Forgive me if I'm nagging on this, I just want to understand this
better.  Why does evaluating a CHECK constraint like 'CHECK some_id %
100 = 32' against WHERE clause like 'WHERE some_id=1132' need to know
anything about equality properites of %?  Or, rather, why does it
stop there?  Can't it just substitute the given value for some_id in
to the check expression, execute it and check the result value for
TRUE/FALSE?

On a related note, how would you recommend implementing some kind of
bin based (i.e. hash values, round robin, etc...) partitioning scheme
if this won't work?  I've tried a number of different approaches with
functions in the check constraint but can't seem to get anything
going there either.  I'm the third person this week (all in this
thread and another I had going) that's interested in this approach.

Erik Jones

Software Developer | Emma®
erik@myemma.com
800.595.4401 or 615.292.5888
615.292.0777 (fax)

Emma helps organizations everywhere communicate & market in style.
Visit us online at http://www.myemma.com

Re: partitioned table query question

From

Tom Lane

Date:

10 December 2007, 19:51:06

Erik Jones <erik@myemma.com> writes:
> Forgive me if I'm nagging on this, I just want to understand this
> better.  Why does evaluating a CHECK constraint like 'CHECK some_id %
> 100 = 32' against WHERE clause like 'WHERE some_id=1132' need to know
> anything about equality properites of %?  Or, rather, why does it
> stop there?  Can't it just substitute the given value for some_id in
> to the check expression, execute it and check the result value for
> TRUE/FALSE?

What "given value"?

What you're missing is that the condition "a = b" does not mean that
"f(a) = f(b)" for every function f.  It is possible to define
constraints on equality that would make that true, but such constraints
would be far stronger than what is required to make btree (or even hash)
indexes work.

In the example I gave, we are able to conclude that 3 is unequal to 9
not because of any a-priori knowledge, but because we apply the specific
operator to the specific constants and find out that it yields false.
Our knowledge of the consistency requirements that are imposed on btree
equality operators then allows us to determine that the two original
conditions can't be true at the same time.
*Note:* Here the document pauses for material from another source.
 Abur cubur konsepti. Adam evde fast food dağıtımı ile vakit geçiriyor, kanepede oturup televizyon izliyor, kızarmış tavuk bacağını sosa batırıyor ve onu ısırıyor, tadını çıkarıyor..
This does *not* imply assuming that the two constants are really "the
same" in the sense that no other operator in the system could tell them
apart.  This isn't mere academic hairsplitting: there actually are
standard equality operators in the system for which such a conclusion
would fail.  I already mentioned float comparison, and numeric
comparison has similar behaviors --- for instance,

regression=# select '0.00'::numeric = '0.0'::numeric;
 ?column?
----------
 t
(1 row)

regression=# select text('0.00'::numeric) = text('0.0'::numeric);
 ?column?
----------
 f
(1 row)

            regards, tom lane

Re: partitioned table query question

From

Erik Jones

Date:

10 December 2007, 21:01:59

On Dec 10, 2007, at 5:50 PM, Tom Lane wrote:

> Erik Jones <erik@myemma.com> writes:
>> Forgive me if I'm nagging on this, I just want to understand this
>> better.  Why does evaluating a CHECK constraint like 'CHECK some_id %
>> 100 = 32' against WHERE clause like 'WHERE some_id=1132' need to know
>> anything about equality properites of %?  Or, rather, why does it
>> stop there?  Can't it just substitute the given value for some_id in
>> to the check expression, execute it and check the result value for
>> TRUE/FALSE?
>
> What "given value"?

The where clause in the select query.
>
> What you're missing is that the condition "a = b" does not mean that
> "f(a) = f(b)" for every function f.  It is possible to define
> constraints on equality that would make that true, but such
> constraints
> would be far stronger than what is required to make btree (or even
> hash)
> indexes work.

In the table constraint CHECK (some_id % 100 = 32), isn't that just f
(a) = 32?

> In the example I gave, we are able to conclude that 3 is unequal to 9
> not because of any a-priori knowledge, but because we apply the
> specific
> operator to the specific constants and find out that it yields false.
> Our knowledge of the consistency requirements that are imposed on
> btree
> equality operators then allows us to determine that the two original
> conditions can't be true at the same time.
>
> This does *not* imply assuming that the two constants are really "the
> same" in the sense that no other operator in the system could tell
> them
> apart.  This isn't mere academic hairsplitting: there actually are
> standard equality operators in the system for which such a conclusion
> would fail.  I already mentioned float comparison, and numeric
> comparison has similar behaviors --- for instance,
>
> regression=# select '0.00'::numeric = '0.0'::numeric;
>  ?column?
> ----------
>  t
> (1 row)
>
> regression=# select text('0.00'::numeric) = text('0.0'::numeric);
>  ?column?
> ----------
>  f
> (1 row)

I get your arguments wrt the known (to the planner) semantics of the
equality operator.  I guess what I don't understand is that given the
query

SELECT COUNT(*)
FROM table
WHERE some_id=34;

on a table with the much discussed constraint (34 % 100) = 32 isn't
simply evaluated as a one-time filter whenever whatever constraint
exclusion code examines child partition tables' constraints.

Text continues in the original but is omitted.